The Great American Read: Which of your favorite books did not make the list?

The whole country has been debating the book list for the Great American Read; especially concerning the books that did not make the list.  One of my favorite American authors is Pat Conroy, author of The Great Santini, The Prince of Tides, and The Water is Wide.  The Prince of Tides is one of my all-time favorites.  I just finished reading The South of Broad, one of Conroy’s later novels.  Conroy tackles many social issues in this heartfelt and often brutal novel that spans between 1969 and 1986. At the core of the novel is the lifelong friendship between ten unlikely friends and the starring role belongs to the city of Charlestown, South Carolina.

From the Prologue:  “It was my father who called the city the Mansion on the River.  He was talking about Charlestown, South Carolina, and he was a native son, peacock proud of a town so pretty it makes your eyes ache with pleasure just to walk down its spellbinding, narrow streets.  Charlestown was my father’s ministry, his hobbyhorse, his quiet obsession, and the great love of his life.  His bloodstream lit up my own with a passion for the city that I’ve never lost nor ever will.  I’m Charlestown-born, and bred.  The city’s two rivers, the Ashley and the Cooper, have flooded and shaped all the days of my life on this storied peninsula.”

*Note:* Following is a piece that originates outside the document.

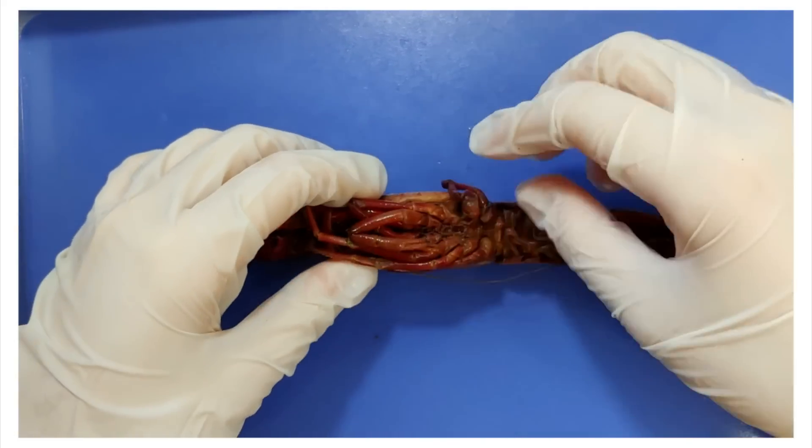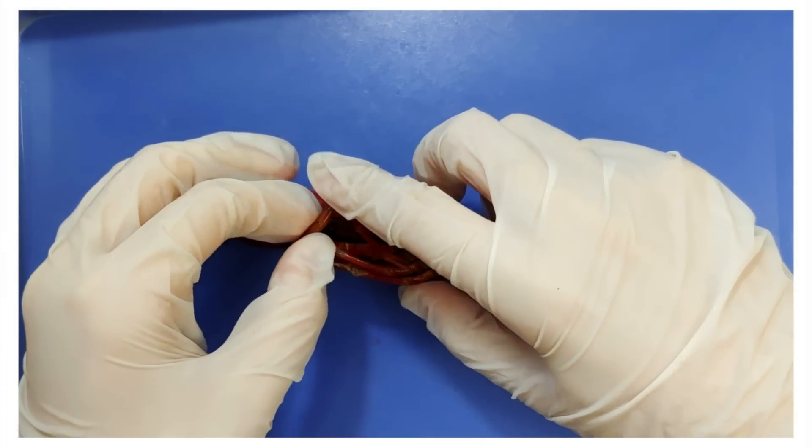So as you can see in the crayfish, its legs are jointed and it can bend back and forth like this.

Which of your favorite books did not make the list for The Great American Read?

South of Broad

Leopold Bloom King has been raised in a family shattered–and shadowed–by tragedy. Lonely and adrift, he searches for something to sustain him and finds it among a tightly knit group of outsiders. Surviving marriages happy and troubled, unrequited loves and unspoken longings, hard-won successes and devastating breakdowns, as well as Charleston, South Carolina’s dark legacy of racism and class divisions, these friends will endure until a final test forces them to face something none of them are prepared for.  Spanning two turbulent decades, South of Broad is Pat Conroy at his finest: a masterpiece from a great American writer whose passion for life and language knows no bounds.